Gli attori avevano chiesto la condanna della convenuta al risarcimento dei danni ex art. 1669 c.c., pari alla somma necessaria all’eliminazione dei vizi, oltre che all’importo correlato ai disagi sofferti. Espletata una CTU, il giudice di primo grado aveva condannato la società al risarcimento dei danni, oltre rivalutazione ed interessi.
La società, pertanto, ricorreva in appello dinnanzi alla Corte d’Appello di Venezia, che confermava la gravità dei difetti costruttivi riscontrati sulla base delle indagini tecniche eseguite (crepe, lesioni e cavilli su numerose piastrelle); difetti imputabili alla tecnica adoperata e alle caratteristiche qualitative delle piastrelle ed alle tensioni insorte nei sottostrati, che compromettevano il normale e pieno utilizzo della pavimentazione, e concretavano, pertanto, “gravi difetti” ai sensi dell’art. 1669 c.c. .

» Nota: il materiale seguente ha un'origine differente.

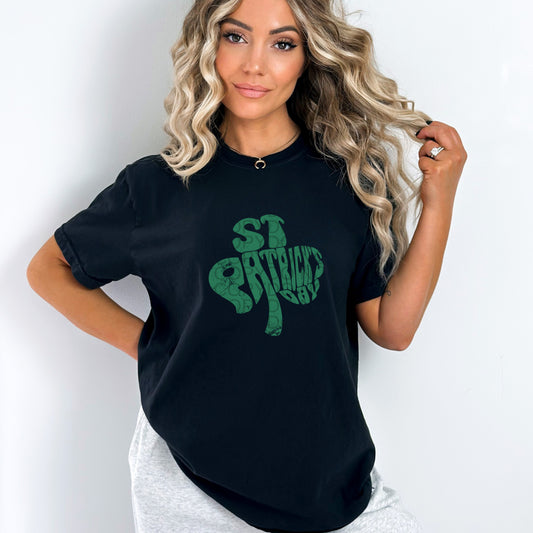 St. Patrick's Day Clover - TRANSFERS (CF)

La società, sempre convinta delle proprie ragioni, promuoveva ricorso dinnanzi alla Corte di Cassazione.
Contratto di appalto e difetti gravi: la decisione della Suprema Corte
La Suprema Corte, con l’ordinanza n. 15846, pubblicata il 26/06/2017, ha rigettato il ricorso, confermando quanto già espresso sia dal giudice di prime cure che dal giudice di secondo grado.

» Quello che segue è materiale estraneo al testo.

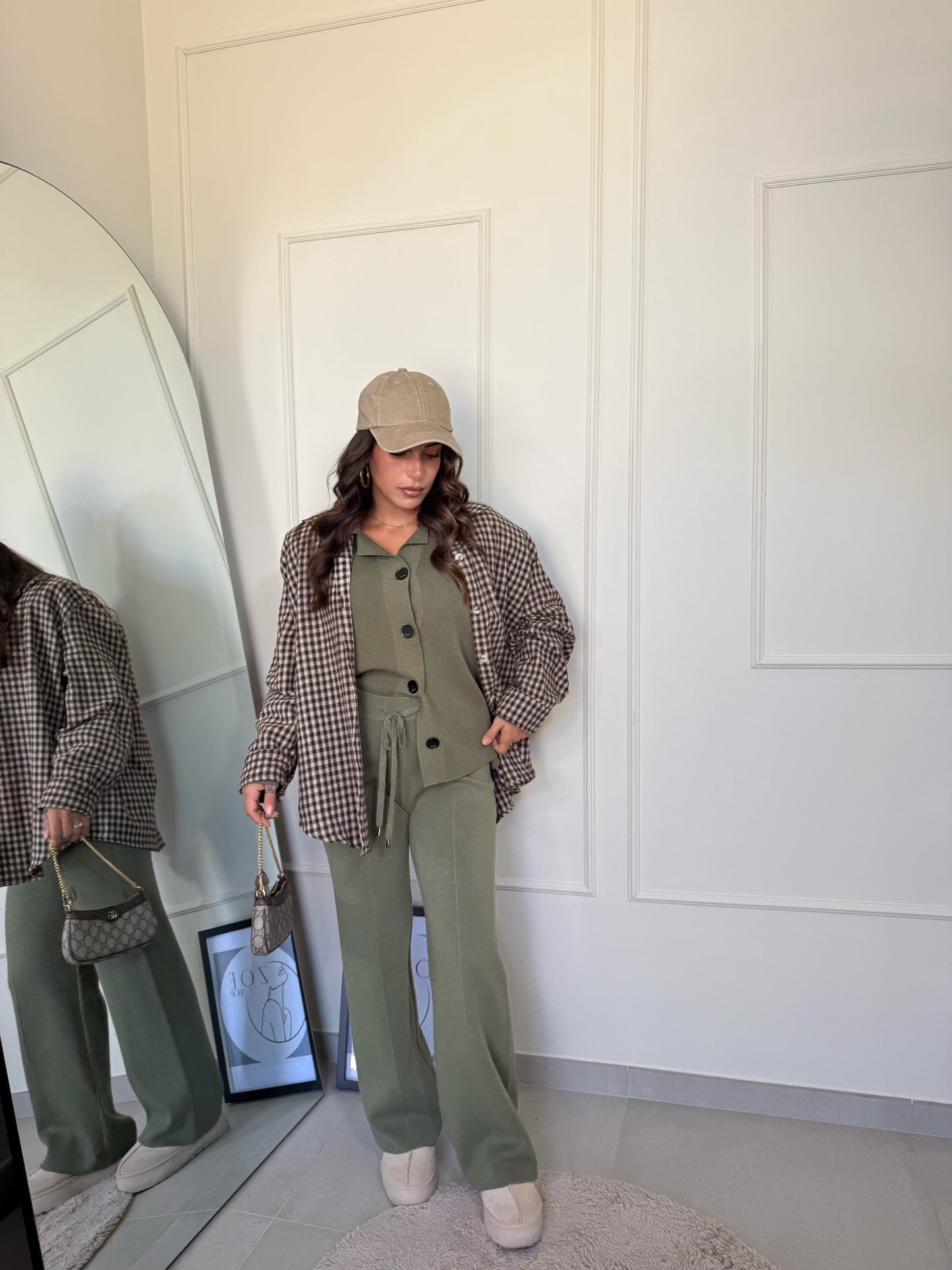 Camicia Quadri Patrizia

Alla base della decisione della Cassazione, vi è l’ampliata applicazione dell’art. 1669 c.c., (così modificato con la riforma del 1865) che include tra i difetti, di cui il costruttore è tenuto a rispondere, «non solo le carenze costruttive dell’opera, intesa quale singola unità abitativa, che pregiudichino in modo grave il normale godimento, la funzionalità e/o l’abitabilità dell’immobile», ma «anche quelli che, pur non compromettendo la stabilità, totale o parziale, dell’edificio, possano essere, comunque, qualificati “gravi”».
Tipico esempio di tali difetti è l’utilizzo di materiali inidonei o l’esecuzione delle opere non a regola d’arte, anche se incidente su elementi secondari ed accessori quali i rivestimenti o la pavimentazione, purché sia riscontrabile un’incidenza negativa e considerevole sul godimento del bene e siano eliminabili solo con lavori di manutenzione e cioè opere di riparazione, rinnovamento o sostituzione.
Già in uno altro caso analogo la Suprema Corte si è recentemente espressa, a Sezioni Unite,sancendo che i gravi difetti di costruzione che danno luogo alle garanzie di cui all’art. 1669 c.c., sono riscontrabili «in presenza di qualsiasi alterazione che incida sulla funzionalità globale dell’immobile, o che ne menomi in modo considerevole il godimento, o ne pregiudichi la normale utilizzazione, in relazione alla sua destinazione economica e pratica» (Cass. Civ., S.U., 27/03/2017, n. 7756).
I giudici di Piazza Cavour, infine, confermando la sentenza di secondo grado e specificando che il vigente art. 1669 c.c., configura una responsabilità extracontrattuale sancita dalla legge al fine di promuovere la stabilità e solidità degli edifici, nonché delle altre cose immobili destinate per loro natura a lunga durata, e al fine di tutelare in tal modo l’incolumità personale, hanno previsto che l’ammontare del risarcimento «non deve essere necessariamente contenuta nei limiti di valore del bene danneggiato, ma deve avere per oggetto l’intero pregiudizio subito dal soggetto danneggiato, essendo il risarcimento diretto alla completa “restitutio in integrum” – per equivalente o in forma specifica – del patrimonio leso».
Pertanto, prosegue la Corte, «accertata la responsabilità dell’appaltatore ex art. 1669 c.c., il risarcimento del danno riconosciuto al committente per l’eliminazione dei difetti di costruzione dell’immobile ben può essere tale da consentirgli la completa sua ristrutturazione, comportando essa un’obbligazione risarcitoria per equivalente finalizzata al completo ripristino dell’edificio, e non una reintegrazione in forma specifica ex art. 2058 c.c.».
Cari costruttori, attenzione al principio della “regola d’arte”, che non è un’opinione e, se trascurato, potrebbe portare a guai seri.